In a somewhat confusing explanation, USDA explains the difference is that the “net cash farm income measure counts those (old-crop) sales as part of current-year income while the net farm income measure counted the value of those inventories as part of prior year income.”
Breaking down by sector, USDA states cash receipts for dairy should see a bump up of $4.7 billion, or 13.7% higher than 2016 based on higher dairy prices.
That dairy increase, however, will be offset by lower cattle-calf receipts, which will fall by $4.5 billion, or 6.7% for the cattle sector.
The forecast for crops is largely unchanged. Wheat sees the biggest impact in absolute terms with a $1.4 billion decline in revenue, or 16.6% compared to 2016.
Direct government payments to farmers will be down about $500 million, or roughly 4%, to $12.5 billion.

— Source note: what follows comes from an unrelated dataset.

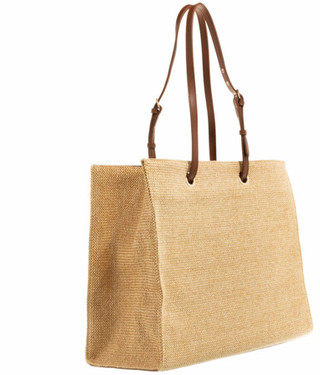  Shopper Shopping Bag Raffia in fawn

Total production expenses are expected to remain flat after two consecutive years of slight declines. Feed, livestock and seed expenses are projected to decline 2.6% overall. Fertilizer expenses are expected to fall 9.1% but fuel-oil expenses are going to rise by a projected 13.1%. Labor costs are also expected to increase 5.4% this year as well.
Other Financial Indicators
Farm assets are also forecast to dip by 1.1% this year and farm debt is projected to increase 5.2%.
The key to the decline in farm assets is a 0.3% dip overall in the value of farm real estate as well as declines in other equipment assets. Debt on real estate also is projected to rise 7.3% for farmers as well.
Farm equity is projected to fall $51.2 billion this year, a drop of 2.1%.
USDA noted the overall weakening condition for farmers when it comes to cash flow and working capital. “Financial liquidity measures, including working capital, are forecast to weaken in 2017, as are solvency measures such as the debt-to-asset ratio. The debt-to-asset measure is now above its average over the previous 10 years.”
Though stressing that net farm income will fall 8.7% this year, the median income of a farm household is expected to rebound slightly to $79,733 in 2017. The median farm household income had hit $81,637 in 2014 before backsliding the last two years. The main reason for higher overall median farm income is a bump in the increase in off-farm income. Median off-farm income is expected to increase 6.7% over the next two years.